In his newest TV ad, Republican gubernatorial candidate Allen Weh accuses Lt. Gov. Diane Denish of spending federal stimulus money to take a plane flight to Gallup for a parade.
But federal dollars didn’t pay for the trip. The flight was paid for with state general fund money.
Weh’s ad is based on a January Albuquerque Journal article that reported that Denish’s office had been billed more than $170,000 for use of state planes since she took office in 2003, and that $33,000 of the money that paid those bills came from the federal Jobs and Growth Tax Relief Reconciliation Act of 2003.
Among trips Denish’s office had been billed for, the Journal reported, was an Aug. 15, 2009 trip from Santa Fe to Albuquerque to pick up a security agent and then to Gallup.
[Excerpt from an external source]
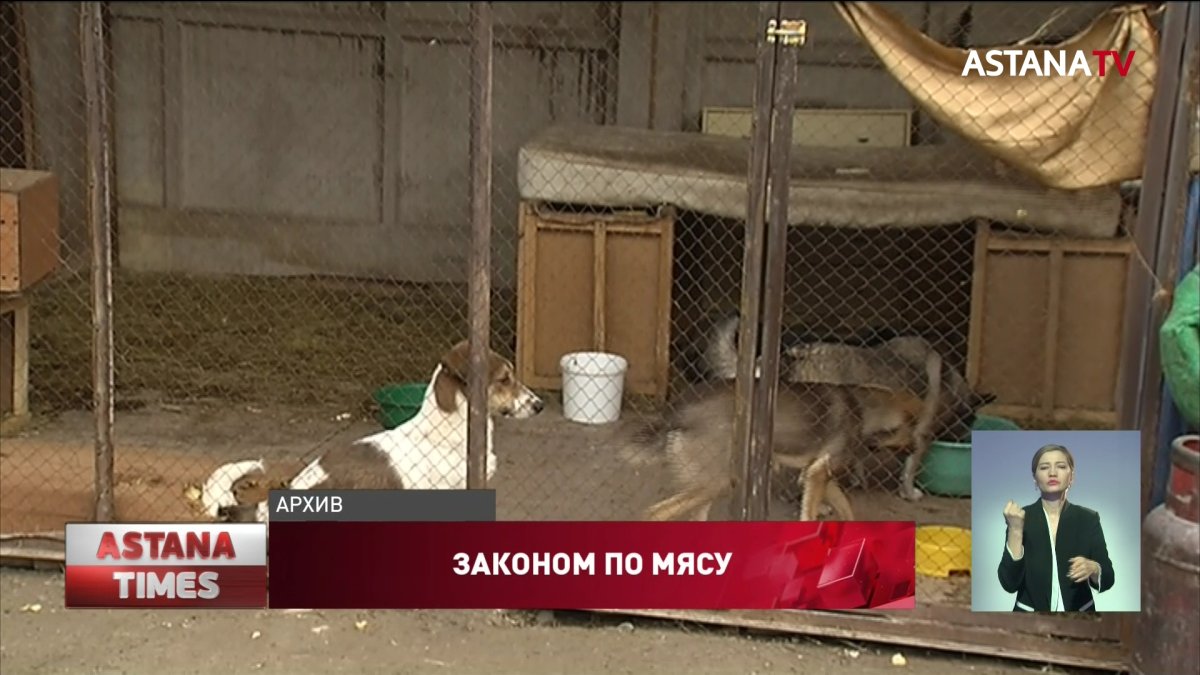 "Это – всё равно, что сказать казаху перестать есть баранину", - Ассоциация о запрете есть мясо собаки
There, Denish attended an Inter-Tribal Indian Ceremonial parade.
The article doesn’t state that the Gallup flight was among the trips paid for by the $33,000 in federal money instead of the other $137,000 Denish’s office had spent on flights. But Weh did make that leap.
“Our lieutenant governor spent stimulus money to fly a jet to a parade,” Weh says in the ad as the screen shows a plane flying from Albuquerque to Gallup. Also on the screen is a quote from the Journal article: “$33,000 came from… federal jobs stimulus bill.”
“Jobs created? Zero,” Weh says.
The paper trail
Public records obtained by NMPolitics.net show that state general-fund money, not federal dollars, paid for the trip to Gallup.
The paper trail is a little tedious, but let me lay it out here:
• Check out this document, which shows that $3,420 in “FY 2010 Aviation travel for Lt. G” was paid for out of fund account 542900, which is listed as class 90118 and came from a general fund appropriation made by the state Legislature.
• Then check out this document, which shows that out of account 542900 a voucher was issued for $3,420 – the cost of two flights the lieutenant governor took in August, including one that cost $1,482.
• Finally, check this document that shows that the flight that cost $1,482 was the Aug. 15 flight from Santa Fe to Albuquerque to Gallup and then back to Albuquerque and Santa Fe – the same flight referred to in the Journal article.
Most campaigns release a fact sheet to accompany attack ads. I e-mailed the Weh campaign to ask for a copy of the fact sheet for this ad. I have not received a response.